Token, the most important feature of tokens, is randomness, unpredictable. General hackers or software can not guess out.
So, what does token do? What is the principle of it?
Tokens are typically used in two places- preventing forms from repeating commits, anti CSRF attacks (cross-site request forgery).
Both are based on the principle of the session token to achieve. When the client requests the page, the server generates a random number token, puts the token into the session, and then sends the token to the client (typically by constructing the hidden form). The next time the client submits the request, token is submitted to the server side as a single table.
Then, if applied to the "anti csrf attack", the server side validates the token value and determines if it is equal to the token value in the session, and if it is equal, it can prove that the request is valid, not forged.
However, if you apply to prevent form recurrence , the server side will update the token value in the session after the first validation, and if the user repeats the commit, the second validation judgment will fail because the token in the user's submitted form is unchanged.

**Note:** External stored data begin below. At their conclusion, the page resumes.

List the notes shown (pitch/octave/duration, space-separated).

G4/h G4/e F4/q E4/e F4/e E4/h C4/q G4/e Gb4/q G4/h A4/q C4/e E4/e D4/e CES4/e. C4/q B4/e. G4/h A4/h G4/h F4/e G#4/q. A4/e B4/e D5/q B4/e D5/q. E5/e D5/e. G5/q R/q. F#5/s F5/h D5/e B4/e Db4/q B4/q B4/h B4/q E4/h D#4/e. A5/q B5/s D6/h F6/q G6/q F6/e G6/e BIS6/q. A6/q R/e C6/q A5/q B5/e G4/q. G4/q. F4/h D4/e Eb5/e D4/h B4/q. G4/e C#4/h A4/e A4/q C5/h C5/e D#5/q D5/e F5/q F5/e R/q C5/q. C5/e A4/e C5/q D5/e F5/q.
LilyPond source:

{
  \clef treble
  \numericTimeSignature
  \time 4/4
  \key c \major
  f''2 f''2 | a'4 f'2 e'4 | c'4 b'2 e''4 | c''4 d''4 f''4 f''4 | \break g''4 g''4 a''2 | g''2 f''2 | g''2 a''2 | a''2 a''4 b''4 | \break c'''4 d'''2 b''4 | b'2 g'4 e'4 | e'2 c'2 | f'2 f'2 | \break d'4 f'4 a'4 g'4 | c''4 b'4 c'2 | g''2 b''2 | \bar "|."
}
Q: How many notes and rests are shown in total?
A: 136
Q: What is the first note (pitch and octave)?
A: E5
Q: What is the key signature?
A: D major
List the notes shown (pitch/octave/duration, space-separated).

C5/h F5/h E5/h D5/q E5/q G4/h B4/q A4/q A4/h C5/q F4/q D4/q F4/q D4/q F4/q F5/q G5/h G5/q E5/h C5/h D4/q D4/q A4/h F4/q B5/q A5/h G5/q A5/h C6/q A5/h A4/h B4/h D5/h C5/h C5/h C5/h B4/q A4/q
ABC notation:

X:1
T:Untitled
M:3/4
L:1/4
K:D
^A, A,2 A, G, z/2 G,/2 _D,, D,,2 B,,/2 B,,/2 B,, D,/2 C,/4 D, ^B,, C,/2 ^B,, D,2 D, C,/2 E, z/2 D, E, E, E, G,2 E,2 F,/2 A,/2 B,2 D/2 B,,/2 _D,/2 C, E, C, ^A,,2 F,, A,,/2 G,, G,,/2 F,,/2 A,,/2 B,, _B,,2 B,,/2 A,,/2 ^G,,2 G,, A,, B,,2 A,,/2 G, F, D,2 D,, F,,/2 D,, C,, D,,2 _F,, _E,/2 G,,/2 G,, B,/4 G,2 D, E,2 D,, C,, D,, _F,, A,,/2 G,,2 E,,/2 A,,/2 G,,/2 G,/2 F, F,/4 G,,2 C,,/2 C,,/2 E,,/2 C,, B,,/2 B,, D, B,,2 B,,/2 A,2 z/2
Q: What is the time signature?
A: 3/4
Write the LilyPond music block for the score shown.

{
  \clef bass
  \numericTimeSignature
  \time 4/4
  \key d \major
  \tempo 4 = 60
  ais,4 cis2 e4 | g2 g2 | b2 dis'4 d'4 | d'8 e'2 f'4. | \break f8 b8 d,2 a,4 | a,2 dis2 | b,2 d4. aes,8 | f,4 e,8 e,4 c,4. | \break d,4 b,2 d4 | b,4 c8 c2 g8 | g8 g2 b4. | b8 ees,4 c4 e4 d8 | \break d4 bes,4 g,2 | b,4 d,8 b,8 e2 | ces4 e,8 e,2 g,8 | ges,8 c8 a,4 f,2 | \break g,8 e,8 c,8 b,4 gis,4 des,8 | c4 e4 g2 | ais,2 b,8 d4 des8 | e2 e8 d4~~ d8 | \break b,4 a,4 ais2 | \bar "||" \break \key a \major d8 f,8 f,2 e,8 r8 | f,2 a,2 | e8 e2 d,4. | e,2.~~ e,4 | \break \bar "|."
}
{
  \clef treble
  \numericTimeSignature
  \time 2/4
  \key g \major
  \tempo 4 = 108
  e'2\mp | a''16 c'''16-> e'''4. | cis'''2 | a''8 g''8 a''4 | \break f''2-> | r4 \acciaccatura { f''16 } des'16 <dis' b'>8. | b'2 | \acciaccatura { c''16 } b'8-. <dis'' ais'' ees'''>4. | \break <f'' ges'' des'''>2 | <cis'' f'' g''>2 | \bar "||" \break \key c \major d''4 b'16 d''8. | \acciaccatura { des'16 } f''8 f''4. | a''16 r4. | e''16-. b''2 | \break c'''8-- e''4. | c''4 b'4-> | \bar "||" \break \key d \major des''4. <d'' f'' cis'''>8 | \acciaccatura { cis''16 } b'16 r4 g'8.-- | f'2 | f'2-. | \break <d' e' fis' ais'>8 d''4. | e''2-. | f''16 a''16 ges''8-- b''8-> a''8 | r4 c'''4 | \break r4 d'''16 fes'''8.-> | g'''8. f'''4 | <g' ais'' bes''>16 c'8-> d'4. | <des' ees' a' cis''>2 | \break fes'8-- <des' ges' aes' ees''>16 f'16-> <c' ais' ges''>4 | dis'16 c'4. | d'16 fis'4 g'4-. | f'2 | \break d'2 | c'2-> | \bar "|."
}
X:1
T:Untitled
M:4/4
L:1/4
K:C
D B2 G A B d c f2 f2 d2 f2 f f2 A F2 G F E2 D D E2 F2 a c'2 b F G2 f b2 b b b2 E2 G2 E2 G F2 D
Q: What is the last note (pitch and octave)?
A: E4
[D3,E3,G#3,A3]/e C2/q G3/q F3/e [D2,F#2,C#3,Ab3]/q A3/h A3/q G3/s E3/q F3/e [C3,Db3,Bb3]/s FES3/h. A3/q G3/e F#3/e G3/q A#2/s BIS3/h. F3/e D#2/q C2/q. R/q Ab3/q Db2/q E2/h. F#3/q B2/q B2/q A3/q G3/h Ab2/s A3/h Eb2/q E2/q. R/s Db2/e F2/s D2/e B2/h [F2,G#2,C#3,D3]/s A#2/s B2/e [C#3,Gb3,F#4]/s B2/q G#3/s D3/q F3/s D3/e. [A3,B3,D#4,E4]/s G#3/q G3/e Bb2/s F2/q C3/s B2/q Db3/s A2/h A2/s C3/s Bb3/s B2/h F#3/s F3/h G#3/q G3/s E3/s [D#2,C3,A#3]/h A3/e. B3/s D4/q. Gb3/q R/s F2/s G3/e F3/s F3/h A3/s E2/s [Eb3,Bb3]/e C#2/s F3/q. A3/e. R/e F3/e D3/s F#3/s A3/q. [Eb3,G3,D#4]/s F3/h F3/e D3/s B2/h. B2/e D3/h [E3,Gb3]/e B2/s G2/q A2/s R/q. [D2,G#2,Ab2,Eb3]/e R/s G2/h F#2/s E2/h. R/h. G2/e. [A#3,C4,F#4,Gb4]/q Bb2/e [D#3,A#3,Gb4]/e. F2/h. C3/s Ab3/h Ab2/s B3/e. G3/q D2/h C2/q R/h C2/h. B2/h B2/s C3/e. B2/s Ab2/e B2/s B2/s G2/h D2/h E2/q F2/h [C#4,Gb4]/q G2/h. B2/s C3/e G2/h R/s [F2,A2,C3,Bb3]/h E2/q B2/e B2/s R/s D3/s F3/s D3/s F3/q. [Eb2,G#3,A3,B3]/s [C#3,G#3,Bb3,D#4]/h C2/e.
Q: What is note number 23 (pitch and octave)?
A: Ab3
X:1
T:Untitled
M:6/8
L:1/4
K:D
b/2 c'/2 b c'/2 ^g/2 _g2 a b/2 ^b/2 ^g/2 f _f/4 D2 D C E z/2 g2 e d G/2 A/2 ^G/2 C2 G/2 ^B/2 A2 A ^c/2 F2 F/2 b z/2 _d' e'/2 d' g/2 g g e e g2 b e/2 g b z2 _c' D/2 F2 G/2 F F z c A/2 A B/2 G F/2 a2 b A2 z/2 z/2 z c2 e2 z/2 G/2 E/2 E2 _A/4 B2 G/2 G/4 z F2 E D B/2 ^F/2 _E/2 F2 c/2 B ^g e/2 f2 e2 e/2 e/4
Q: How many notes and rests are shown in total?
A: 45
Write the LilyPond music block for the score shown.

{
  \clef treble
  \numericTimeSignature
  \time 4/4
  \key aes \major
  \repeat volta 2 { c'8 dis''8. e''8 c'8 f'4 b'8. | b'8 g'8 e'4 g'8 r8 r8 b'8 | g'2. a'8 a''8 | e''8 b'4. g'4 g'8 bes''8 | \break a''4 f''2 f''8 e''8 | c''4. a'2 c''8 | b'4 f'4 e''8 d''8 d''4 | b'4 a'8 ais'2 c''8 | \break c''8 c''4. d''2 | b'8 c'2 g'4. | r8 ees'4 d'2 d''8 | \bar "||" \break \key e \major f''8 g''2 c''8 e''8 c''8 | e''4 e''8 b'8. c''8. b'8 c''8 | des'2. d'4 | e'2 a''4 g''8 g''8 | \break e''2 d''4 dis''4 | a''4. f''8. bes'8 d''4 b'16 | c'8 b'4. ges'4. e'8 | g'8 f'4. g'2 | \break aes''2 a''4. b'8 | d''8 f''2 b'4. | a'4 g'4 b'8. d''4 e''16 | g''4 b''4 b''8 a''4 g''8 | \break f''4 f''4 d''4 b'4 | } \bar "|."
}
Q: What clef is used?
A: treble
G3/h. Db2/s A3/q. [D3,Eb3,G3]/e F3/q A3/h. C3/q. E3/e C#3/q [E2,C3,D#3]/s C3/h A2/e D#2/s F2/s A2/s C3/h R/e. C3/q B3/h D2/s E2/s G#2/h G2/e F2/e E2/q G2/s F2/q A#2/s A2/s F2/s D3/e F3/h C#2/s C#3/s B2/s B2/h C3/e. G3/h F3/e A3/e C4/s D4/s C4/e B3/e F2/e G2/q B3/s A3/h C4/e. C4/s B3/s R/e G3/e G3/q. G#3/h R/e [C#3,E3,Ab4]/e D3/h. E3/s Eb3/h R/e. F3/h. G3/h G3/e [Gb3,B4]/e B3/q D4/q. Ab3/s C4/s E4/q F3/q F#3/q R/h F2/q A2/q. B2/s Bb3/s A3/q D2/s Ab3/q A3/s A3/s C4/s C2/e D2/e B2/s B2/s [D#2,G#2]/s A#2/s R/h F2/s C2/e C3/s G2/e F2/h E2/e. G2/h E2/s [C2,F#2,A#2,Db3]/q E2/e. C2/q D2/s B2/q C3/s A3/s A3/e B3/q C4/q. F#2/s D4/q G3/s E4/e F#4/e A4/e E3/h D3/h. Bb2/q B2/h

But token has changed in the server-side session.
The above session application is relatively safe, but also called cumbersome, and when multi-page multi-request, must use multi-token simultaneous generation method, so that the use of more resources, execution efficiency will be reduced. Therefore, cookies can also be used to store authentication information in place of Session tokens. For example, when a "duplicate commit" is submitted, the information that has been submitted is written to the cookie after the first commit, and when the second commit, the second commit fails because the cookie already has a record of its submission.
However, Cookie storage has a fatal weakness, and if a cookie is hijacked (an XSS attack can easily get a user cookie), then again Gameover. Hackers will directly implement CSRF attacks.
So, safe and efficient relative. Specific questions to deal with it.